To reduce the amount of typing necessary for the programmer, many implementations of Scheme provide procedures that combine car and cdr in various ways. These procedures begin with the letter “c”, end with the letter “r” and have a sequence of “a”’s and “d”’s in the middle to indicate the sequence of calls to car (for an “a”) or cdr (for a “d”). For example, cadr computes the car of the cdr of a list (the second element), cddr computes the cdr of the cdr of a list (all but the first two elements), and caar computes the car of the car of a list (applicable only to nested lists).

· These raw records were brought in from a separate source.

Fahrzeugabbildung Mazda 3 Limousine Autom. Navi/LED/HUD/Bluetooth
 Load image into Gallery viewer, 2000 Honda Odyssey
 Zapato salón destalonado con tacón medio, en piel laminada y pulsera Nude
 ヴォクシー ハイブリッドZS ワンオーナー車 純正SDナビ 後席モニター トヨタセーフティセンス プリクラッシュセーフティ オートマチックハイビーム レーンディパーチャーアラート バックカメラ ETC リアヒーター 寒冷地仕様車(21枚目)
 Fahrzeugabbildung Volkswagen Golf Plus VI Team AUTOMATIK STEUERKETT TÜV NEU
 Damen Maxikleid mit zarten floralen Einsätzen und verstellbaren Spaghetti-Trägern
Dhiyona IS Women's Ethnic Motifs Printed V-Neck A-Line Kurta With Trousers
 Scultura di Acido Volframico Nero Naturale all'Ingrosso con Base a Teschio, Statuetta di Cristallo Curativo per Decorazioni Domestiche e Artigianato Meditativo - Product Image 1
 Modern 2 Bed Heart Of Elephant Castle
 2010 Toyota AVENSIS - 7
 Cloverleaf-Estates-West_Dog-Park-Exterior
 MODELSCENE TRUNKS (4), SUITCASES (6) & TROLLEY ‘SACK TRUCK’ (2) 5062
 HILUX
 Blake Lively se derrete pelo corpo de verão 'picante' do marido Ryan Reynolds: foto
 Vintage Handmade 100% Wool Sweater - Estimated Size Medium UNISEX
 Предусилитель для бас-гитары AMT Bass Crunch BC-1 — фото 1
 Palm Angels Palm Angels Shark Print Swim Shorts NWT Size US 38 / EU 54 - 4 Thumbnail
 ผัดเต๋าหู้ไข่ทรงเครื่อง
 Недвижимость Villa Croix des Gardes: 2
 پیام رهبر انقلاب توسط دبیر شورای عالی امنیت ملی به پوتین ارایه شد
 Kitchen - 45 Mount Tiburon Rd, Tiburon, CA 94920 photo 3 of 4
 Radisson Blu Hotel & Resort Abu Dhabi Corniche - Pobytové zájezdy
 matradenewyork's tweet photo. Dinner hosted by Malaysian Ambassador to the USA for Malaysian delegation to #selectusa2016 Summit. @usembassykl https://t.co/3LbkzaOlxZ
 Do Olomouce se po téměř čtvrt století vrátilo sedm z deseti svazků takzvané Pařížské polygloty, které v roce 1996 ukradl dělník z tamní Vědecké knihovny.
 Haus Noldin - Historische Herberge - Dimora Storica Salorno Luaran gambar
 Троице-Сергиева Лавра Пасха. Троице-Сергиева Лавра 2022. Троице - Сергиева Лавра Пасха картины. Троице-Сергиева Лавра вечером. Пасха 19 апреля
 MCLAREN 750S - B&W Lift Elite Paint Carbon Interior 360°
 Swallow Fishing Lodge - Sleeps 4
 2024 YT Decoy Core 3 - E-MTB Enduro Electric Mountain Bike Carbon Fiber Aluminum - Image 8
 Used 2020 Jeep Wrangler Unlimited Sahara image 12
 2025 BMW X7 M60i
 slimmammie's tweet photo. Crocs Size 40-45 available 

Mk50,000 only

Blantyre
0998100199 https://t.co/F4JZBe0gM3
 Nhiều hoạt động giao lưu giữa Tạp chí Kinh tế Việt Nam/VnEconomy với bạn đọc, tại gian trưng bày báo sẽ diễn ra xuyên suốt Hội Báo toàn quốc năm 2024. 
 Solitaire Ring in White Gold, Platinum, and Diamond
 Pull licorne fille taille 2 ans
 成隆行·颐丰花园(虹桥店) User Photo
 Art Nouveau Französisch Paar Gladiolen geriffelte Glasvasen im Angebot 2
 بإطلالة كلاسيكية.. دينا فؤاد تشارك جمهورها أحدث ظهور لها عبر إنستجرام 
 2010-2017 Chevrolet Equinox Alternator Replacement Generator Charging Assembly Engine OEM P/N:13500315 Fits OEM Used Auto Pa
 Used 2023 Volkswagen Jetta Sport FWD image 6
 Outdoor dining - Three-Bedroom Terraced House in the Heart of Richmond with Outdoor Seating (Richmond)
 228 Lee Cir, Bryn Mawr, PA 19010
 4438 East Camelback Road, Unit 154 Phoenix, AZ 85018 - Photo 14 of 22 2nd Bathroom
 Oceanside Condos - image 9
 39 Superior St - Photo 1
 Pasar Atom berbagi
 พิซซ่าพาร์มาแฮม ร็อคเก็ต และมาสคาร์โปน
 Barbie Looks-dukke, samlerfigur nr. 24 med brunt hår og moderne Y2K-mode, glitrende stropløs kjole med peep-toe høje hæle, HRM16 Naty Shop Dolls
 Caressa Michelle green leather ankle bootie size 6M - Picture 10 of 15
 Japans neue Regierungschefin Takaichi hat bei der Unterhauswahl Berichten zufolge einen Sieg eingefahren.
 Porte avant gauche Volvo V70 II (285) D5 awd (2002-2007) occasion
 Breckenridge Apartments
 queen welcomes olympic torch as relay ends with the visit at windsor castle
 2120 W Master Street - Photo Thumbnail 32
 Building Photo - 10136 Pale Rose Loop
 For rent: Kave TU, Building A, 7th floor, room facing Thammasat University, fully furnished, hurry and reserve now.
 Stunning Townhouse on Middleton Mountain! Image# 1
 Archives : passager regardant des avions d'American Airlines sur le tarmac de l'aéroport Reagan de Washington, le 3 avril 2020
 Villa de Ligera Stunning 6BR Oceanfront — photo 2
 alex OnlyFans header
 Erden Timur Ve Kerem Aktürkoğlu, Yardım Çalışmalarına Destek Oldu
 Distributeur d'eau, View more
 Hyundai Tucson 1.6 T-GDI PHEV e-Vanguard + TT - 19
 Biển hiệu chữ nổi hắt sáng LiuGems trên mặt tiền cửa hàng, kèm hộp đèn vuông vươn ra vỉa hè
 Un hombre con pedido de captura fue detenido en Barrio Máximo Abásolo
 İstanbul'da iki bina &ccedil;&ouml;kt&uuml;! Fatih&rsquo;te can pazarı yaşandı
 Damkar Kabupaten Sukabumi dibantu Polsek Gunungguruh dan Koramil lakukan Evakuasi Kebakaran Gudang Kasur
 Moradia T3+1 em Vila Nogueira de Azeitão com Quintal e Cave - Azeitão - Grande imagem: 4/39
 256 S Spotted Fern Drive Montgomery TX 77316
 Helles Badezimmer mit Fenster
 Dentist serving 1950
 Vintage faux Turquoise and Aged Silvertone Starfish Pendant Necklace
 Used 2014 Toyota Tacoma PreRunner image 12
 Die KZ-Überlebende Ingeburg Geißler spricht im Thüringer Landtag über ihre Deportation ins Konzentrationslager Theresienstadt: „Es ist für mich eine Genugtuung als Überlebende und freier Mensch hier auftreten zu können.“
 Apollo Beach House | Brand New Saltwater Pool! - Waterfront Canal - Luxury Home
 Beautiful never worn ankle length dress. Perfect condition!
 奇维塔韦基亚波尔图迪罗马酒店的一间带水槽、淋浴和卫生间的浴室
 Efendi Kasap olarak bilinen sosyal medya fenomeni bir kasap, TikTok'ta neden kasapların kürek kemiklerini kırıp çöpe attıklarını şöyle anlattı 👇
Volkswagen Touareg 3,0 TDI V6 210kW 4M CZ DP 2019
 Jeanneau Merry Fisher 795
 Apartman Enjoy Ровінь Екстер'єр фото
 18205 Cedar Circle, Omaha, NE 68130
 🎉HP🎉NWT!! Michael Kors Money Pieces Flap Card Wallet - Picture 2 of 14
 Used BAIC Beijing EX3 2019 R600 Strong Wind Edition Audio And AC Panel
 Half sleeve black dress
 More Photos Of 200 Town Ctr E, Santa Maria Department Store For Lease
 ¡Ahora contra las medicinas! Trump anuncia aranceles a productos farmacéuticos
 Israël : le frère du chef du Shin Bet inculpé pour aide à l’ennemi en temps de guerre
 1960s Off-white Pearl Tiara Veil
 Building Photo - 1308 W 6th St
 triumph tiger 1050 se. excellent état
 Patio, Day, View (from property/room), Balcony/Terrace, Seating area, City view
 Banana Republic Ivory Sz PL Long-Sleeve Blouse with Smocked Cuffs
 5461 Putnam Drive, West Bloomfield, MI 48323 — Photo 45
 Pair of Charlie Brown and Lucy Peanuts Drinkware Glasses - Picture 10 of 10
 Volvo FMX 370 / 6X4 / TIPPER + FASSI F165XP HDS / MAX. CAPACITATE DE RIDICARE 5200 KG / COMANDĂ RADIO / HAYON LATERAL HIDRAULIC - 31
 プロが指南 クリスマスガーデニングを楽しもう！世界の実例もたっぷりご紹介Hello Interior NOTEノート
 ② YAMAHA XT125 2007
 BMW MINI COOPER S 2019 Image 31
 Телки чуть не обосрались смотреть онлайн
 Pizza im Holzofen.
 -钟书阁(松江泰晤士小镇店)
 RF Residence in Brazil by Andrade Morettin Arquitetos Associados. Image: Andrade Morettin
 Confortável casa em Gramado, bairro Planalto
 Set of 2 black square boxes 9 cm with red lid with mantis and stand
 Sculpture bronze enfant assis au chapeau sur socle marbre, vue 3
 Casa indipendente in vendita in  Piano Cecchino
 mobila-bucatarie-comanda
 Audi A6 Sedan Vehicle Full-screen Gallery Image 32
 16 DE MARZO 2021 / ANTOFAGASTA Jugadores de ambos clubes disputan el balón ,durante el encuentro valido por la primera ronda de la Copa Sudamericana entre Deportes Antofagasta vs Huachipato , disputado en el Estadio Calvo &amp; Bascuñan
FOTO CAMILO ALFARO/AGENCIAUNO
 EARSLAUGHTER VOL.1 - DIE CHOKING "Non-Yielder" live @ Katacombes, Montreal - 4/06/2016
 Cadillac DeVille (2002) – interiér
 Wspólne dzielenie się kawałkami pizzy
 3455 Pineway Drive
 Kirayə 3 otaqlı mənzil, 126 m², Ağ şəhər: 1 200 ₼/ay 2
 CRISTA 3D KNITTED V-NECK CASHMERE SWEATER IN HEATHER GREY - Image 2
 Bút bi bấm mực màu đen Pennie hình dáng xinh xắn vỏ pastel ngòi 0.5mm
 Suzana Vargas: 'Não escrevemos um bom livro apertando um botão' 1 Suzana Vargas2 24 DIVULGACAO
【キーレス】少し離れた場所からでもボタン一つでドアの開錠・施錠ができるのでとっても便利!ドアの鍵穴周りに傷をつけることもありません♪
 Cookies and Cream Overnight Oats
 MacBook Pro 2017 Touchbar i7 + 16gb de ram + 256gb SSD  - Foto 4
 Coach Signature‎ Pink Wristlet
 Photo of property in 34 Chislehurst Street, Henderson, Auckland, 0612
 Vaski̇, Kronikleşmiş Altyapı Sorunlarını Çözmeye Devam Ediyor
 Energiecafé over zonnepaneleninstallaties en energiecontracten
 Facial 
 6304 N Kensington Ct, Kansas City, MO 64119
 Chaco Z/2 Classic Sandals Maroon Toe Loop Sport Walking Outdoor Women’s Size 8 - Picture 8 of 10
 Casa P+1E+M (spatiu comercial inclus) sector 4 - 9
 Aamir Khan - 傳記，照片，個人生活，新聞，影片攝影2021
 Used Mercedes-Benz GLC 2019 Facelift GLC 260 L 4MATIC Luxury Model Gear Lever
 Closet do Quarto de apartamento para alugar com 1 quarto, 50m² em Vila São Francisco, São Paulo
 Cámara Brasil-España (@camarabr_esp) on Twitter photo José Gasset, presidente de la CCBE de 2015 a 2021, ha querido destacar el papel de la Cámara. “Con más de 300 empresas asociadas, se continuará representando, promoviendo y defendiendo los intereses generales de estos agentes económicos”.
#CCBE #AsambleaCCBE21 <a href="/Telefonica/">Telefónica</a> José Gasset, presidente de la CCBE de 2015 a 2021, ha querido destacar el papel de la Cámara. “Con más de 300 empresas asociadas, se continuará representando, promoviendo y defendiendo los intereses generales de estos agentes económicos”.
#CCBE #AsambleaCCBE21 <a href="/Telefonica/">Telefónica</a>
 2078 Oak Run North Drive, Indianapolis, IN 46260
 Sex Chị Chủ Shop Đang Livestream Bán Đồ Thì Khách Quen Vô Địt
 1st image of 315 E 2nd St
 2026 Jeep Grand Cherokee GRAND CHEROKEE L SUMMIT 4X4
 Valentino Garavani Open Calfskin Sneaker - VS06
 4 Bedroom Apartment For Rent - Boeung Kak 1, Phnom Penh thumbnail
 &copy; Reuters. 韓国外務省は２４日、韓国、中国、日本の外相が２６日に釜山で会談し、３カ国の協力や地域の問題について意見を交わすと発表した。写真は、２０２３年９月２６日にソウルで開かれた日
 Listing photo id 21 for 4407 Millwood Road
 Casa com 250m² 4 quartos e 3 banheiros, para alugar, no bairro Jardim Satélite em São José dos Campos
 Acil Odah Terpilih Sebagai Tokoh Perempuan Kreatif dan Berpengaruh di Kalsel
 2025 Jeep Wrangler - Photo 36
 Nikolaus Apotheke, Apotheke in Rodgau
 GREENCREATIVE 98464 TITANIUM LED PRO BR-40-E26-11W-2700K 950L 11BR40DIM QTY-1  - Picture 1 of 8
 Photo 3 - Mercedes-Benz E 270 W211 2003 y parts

> (define rainbow (list "red" "orange" "yellow" "green" "blue" "indigo" "violet"))
"orange"
> (cddr rainbow)
'("yellow" "green" "blue" "indigo" "violet")
"yellow"
> (cdddr rainbow)
'("green" "blue" "indigo" "violet")


Summary of new list procedures

null Standard list constant.
The empty list.
(cons value lst) Standard List Procedure.
Create a new list by prepending value to the front of lst.
(cdr lst) Standard List Procedure.
Get a list the same as lst but without the first element.
(car lst) Standard List Procedure.
Get the first element of lst.
(null? lst) Standard list predicate.
Checks if lst is the empty list.
(list-ref lst n) Standard List Procedure.
Get the nth element of lst. Note that elements are numbered starting at 0.
(length lst) Standard List Procedure.
Return the number of elements of list lst.
(append lst_0 lst_1 ... lst_n) Standard List Procedure.
Create a new list by concatenating the elements of lst_0, lst_1, … lst_n.
(caar lst) Standard List Procedure.
If lst’s first element is a list, gets the first element of that first element, the the car of the car of lst. If lst is not a list, or its first element is not a list, reports an error.
(cadr lst) Standard List Procedure.
Get the second element of lst, the car of the cdr of lst
(cddr lst) Standard List Procedure.
Get all but the first two elements of lst, the cdr of the cdr of lst
(caddr lst) Standard List Procedure.
Get the third element of lst, the car of the cdr of the cdr of lst.

Self Checks

Check 1: List procedures

Predict the results of evaluating the following expressions.

(cons 2 null)
(cons 1 (cons 2 null))
(cons 5 (list 1 2))